Encore une fois, l'UFP fait face à une crise de croissance. Il a traversé avec un succès relatif la mue de sa fondation puis sa première épreuve électorale. Cependant, il n'a pas encore fait de percer significative chez les militants et militants des mouvements syndicaux et populaires. Plutôt, « Depuis sa naissance, la jeune formation a connu une croissance soutenue en recrutant surtout dans les rangs des militants altermondialistes et dans le milieu étudiant. »

Pour devenir le parti de la gauche sociale, il faudra à l'UFP être très, très pro-actif. Ne nous le cachons pas : la marche est haute… mais atteignable. Cet effort gigantesque, cependant, nécessite d'éviter deux écueils : ce raccourci illusoire qu'est le Charybde du centriste « néolibéralisme à visage humain » qui ferait de nous au bout du compte le quatrième parti néolibéral même avec un manifeste très percutant ; et ce verbiage facile qu'est le Scylla du gauchisme groupusculaire et « révolutionnaire » sans racine sociale mais idéologiquement si confortable.

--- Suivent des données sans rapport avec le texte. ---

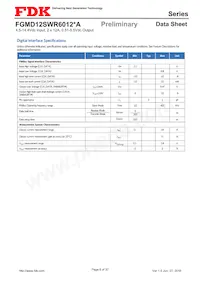 FGMD12SWR6012PA Datenblatt Seite 6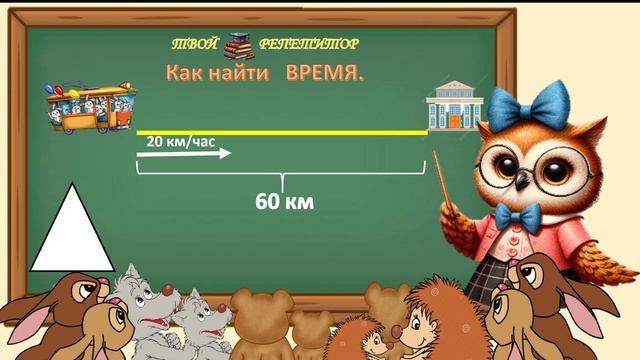 СОВУНЬИНА ШКОЛА.  КАК НАЙТИ ВРЕМЯ.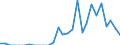 Indicator: Number of Identified Exporters to French Polynesia from:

L'UFP a tout ce qu'il faut pour réussir : son orientation de rupture définitive avec les trois partis néolibéraux, sa plate-forme antinéolibérale, indépendantiste, féministe, écologique et internationaliste, une organisation basée sur le pluralisme et la démocratie participative et, last but not the least, une pratique militante de « parti des urnes et de la rue ». Ces quatre as, il faut s'y accrocher, les développer et surtout les mettre en pratique.